▸ **ENTRIES PROVIDED**:
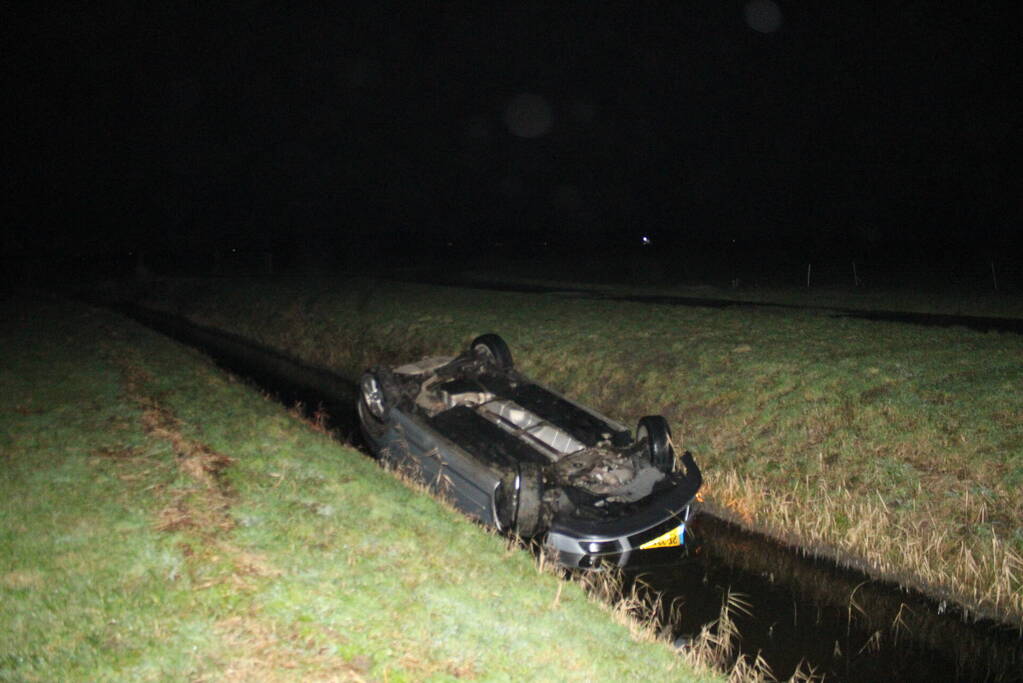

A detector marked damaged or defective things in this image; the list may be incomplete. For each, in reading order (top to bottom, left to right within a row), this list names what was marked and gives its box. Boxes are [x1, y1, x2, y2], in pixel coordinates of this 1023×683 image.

overturned black car [360, 332, 704, 568]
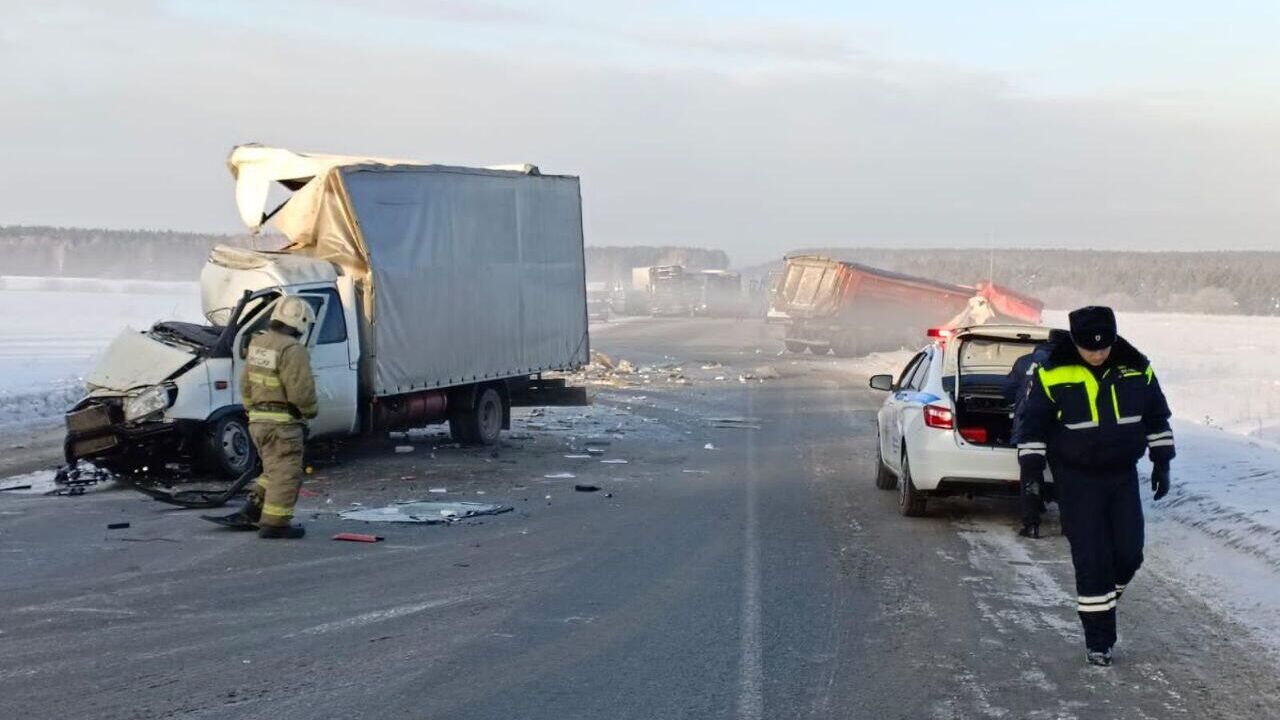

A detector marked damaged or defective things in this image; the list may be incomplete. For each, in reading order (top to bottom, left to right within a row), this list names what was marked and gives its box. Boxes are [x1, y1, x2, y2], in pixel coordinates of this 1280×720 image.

detached car part on road [62, 144, 591, 481]
damaged white truck [62, 142, 591, 484]
overturned orange dump truck [768, 254, 1039, 356]
torn tarpaulin cover [348, 499, 517, 520]
detached car part on road [870, 322, 1049, 512]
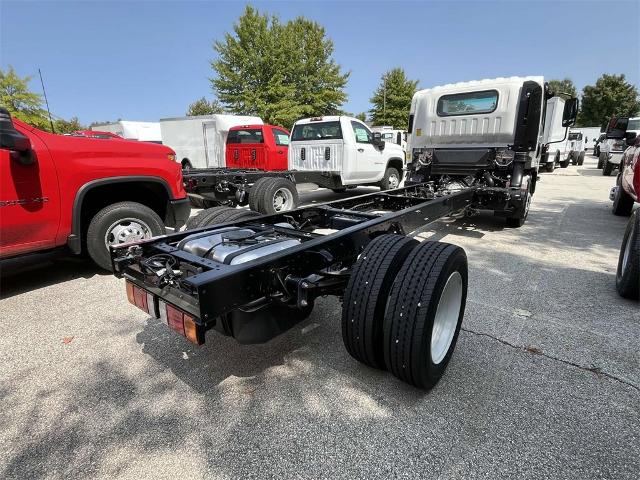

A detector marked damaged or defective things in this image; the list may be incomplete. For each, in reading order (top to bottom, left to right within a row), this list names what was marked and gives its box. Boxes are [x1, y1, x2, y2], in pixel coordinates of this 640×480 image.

pavement crack [462, 326, 636, 394]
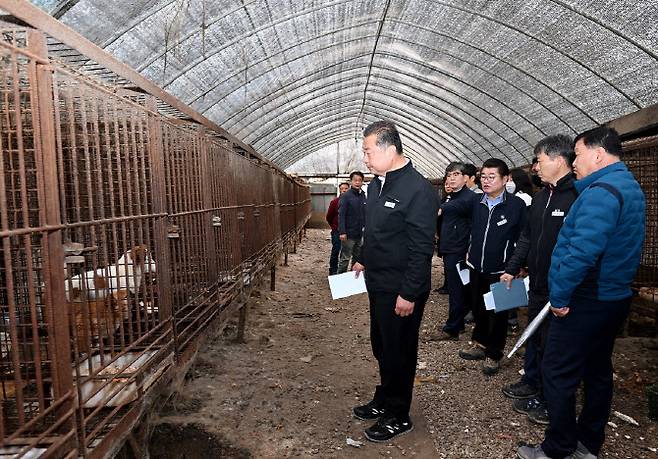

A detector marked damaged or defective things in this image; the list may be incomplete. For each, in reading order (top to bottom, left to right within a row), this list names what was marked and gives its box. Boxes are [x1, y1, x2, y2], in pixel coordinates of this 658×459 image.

▸ **INSTRUCTIONS FOR THE TASK**: Repeat every line of the data exactly, but do not include pictures.

▸ **REPLY**:
A detector marked damaged or defective things in this image; the list may be incomplete. For each, in reading order (top to bottom, left to right within a row), this list names what was marked and gives its box. Boxes are [x1, y1, x2, y2], in pixel coordinates of this 1023×683 image.

overturned black car [360, 332, 704, 568]

A detector marked damaged or defective things in this image; the list may be incomplete. For each, in reading order (top to bottom, left to right within a row), this list names what was marked and gives its box. Boxes are [x1, y1, x2, y2], in pixel coordinates of this 1280×720 image.

detached car part on road [62, 144, 591, 481]
damaged white truck [62, 142, 591, 484]
overturned orange dump truck [768, 254, 1039, 356]
torn tarpaulin cover [348, 499, 517, 520]
detached car part on road [870, 322, 1049, 512]

A detector marked damaged or defective things in this image; the list may be incomplete. For each, in reading order (top to bottom, left to right within a row), this list names what was marked and gives its box. Boxes are [x1, y1, x2, y2], in pixel coordinates of this 640×480 image.

pavement crack [462, 326, 636, 394]

A detector marked damaged or defective things in this image; the list may be incomplete. For each, in reading order (top to bottom, left to right within a row), this list names what was marked and gives its box. Boxes are [x1, y1, x2, y2], in pixel coordinates of this 658×459 image.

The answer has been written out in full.